### TASK DETAILS
Give back the line in the listing below that contains "5' x 8' Soft" and all remaining lines, retyped exactly, through the last line.

### PROVIDED DATA
== Segment start ==
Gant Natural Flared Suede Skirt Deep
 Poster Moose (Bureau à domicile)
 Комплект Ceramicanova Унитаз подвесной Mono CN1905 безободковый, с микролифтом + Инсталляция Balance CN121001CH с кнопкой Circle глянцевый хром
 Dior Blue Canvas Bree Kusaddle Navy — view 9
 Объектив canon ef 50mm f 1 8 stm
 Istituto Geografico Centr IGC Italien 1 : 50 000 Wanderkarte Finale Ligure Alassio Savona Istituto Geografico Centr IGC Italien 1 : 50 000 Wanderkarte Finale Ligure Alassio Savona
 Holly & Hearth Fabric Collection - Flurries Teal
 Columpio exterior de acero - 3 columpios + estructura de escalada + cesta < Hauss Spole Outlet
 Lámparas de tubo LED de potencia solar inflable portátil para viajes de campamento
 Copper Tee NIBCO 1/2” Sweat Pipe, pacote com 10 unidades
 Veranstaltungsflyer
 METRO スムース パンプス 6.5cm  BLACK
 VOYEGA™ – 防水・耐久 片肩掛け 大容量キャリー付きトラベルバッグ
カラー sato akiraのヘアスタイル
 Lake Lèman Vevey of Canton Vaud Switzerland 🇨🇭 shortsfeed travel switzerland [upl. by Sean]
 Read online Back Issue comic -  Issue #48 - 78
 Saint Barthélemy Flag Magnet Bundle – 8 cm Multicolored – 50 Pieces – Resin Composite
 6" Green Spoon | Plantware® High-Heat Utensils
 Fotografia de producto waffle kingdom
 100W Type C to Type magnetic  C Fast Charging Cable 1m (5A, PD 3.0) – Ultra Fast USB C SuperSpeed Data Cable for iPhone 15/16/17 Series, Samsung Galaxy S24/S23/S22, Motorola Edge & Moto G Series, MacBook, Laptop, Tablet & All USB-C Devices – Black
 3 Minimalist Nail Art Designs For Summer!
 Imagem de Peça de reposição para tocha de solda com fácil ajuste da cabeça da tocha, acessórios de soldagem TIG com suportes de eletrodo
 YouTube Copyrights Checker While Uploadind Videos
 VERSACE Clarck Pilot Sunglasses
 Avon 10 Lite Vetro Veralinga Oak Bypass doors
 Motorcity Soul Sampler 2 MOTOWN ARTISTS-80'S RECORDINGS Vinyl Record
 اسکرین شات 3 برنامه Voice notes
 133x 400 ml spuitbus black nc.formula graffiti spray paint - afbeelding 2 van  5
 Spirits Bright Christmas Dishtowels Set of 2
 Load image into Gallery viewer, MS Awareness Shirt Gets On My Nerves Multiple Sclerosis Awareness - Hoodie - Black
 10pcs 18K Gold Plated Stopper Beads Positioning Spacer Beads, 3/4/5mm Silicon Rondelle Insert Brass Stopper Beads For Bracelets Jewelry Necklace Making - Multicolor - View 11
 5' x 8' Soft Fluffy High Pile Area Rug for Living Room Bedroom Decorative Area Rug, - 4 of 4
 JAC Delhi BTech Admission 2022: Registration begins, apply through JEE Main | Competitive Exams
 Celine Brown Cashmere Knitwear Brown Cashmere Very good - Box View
== Segment end ==
### WRITTEN SOLUTION
 5' x 8' Soft Fluffy High Pile Area Rug for Living Room Bedroom Decorative Area Rug, - 4 of 4
 JAC Delhi BTech Admission 2022: Registration begins, apply through JEE Main | Competitive Exams
 Celine Brown Cashmere Knitwear Brown Cashmere Very good - Box View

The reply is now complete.